Actually the constant time solution you referenced only works when k = m = n as well. If k is smaller then I don't see any way to adapt the solution to get constant time, basically because there are multiple locations on each row/column/diagonal where a winning consecutive k 0's or 1's may occur.
However, maintaining auxiliary information for each row/column/diagonal can give a speed up. For each row/column/diagonal, you can store the start and end locations for consecutive occurrences of 1's and blanks as possible winning positions for player 1, and similarly store start and end locations of consecutive occurrences of 0's and blanks as possible winning positions for player 0. Note that for a given row/column/diagonal, intervals for player 0 and 1 may overlap if they contain blanks. For each row/column/diagonal, store the intervals for player 1 in sorted order in a self-balancing binary tree (Note you can do this because the intervals are disjoint). Similarly store the intervals for player 0 sorted in a tree. When a player makes a move, find the row/column/diagonals that contain the move location and update the intervals containing the move in the appropriate row column and diagonal trees for the player that did not make the move. For the player that did not make a move, this will split an interval (if it exists) into smaller intervals that you can replace the old interval with and then rebalance the tree. If an interval ever gets to length less than k you can delete it. If a tree ever becomes empty then it is impossible for that player to win in that row/column/diagonal. You can maintain a counter of how many rows/columns/diagonals are impossible to win for each player, and if the counter ever reaches the total number of rows/columns/diagonals for both players then you know you have a tie. The total running time for this is O(log(n/k) + log(m/k)) to check for a tie per move, with O(mn/k) extra space.

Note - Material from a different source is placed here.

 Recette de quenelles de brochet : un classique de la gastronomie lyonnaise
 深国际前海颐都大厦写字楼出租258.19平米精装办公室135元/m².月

You can similarly maintain trees that store consecutive intervals of 1's (without spaces) and update the trees in O(log n + log m) time when a move is made, basically searching for the positions before and after the move in your tree and updating the interval(s) found and merging two intervals if two intervals (before and after) are found. Then you report a win if an interval is ever created/updated and obtains length greater than or equal to k. Similarly for player 0. Total time to check for a win is O(log n + log m) which may be better than O(k) depending on how large k is. Extra space is O(mn).